He seems to be saying the same thing every other sane person has said all along.
Even he dismisses carts though. That I don't get. The most profitable system on the planet right now (that isn't running iOS) runs on carts. It's called the 3DS. Vita also uses carts. They aren't dead or a thing of the past, not yet anyway. They are $40 games that sell as many as ten million copies. They are flash based (that's really really hard to avoid now) and they "load" the same as if they were CD, but they are carts for sure. I don't see this being a problem for a project like this.
I think the problem is that the system was intended to run games that are usually distributed digitally and are priced accordingly. I can buy Mario Kart 7 for the 3DS either on a cart, or download it from the Nintendo eShop, but I'm going to pay the same price either way. The Retro VGS is ostensibly taking games that sell for $10-20 in digital form, and trying to sell them on a cartridge for $40-60.
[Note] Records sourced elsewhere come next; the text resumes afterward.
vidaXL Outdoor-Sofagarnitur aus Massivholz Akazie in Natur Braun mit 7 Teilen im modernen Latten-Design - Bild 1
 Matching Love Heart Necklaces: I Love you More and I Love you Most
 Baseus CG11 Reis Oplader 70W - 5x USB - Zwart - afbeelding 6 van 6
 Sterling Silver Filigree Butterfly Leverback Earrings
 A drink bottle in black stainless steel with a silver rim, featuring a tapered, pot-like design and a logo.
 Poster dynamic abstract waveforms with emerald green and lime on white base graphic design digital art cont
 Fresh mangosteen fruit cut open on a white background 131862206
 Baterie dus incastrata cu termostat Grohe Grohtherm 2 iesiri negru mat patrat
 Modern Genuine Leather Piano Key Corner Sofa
Edit: You could use the Sega 3D classics on the 3DS as an example. They sell for $6 each. If Sega tried to sell them individually on carts in retail packaging for $19.99 each, the only people who would buy them would be collectards. Now, if they sold a compilation cart here (as they do in Japan) then that would be a different story. But at the end of the day, the only people who would be willing to bay much more than $6 per title included on the cart would be collectards and staunch anti-digital folks.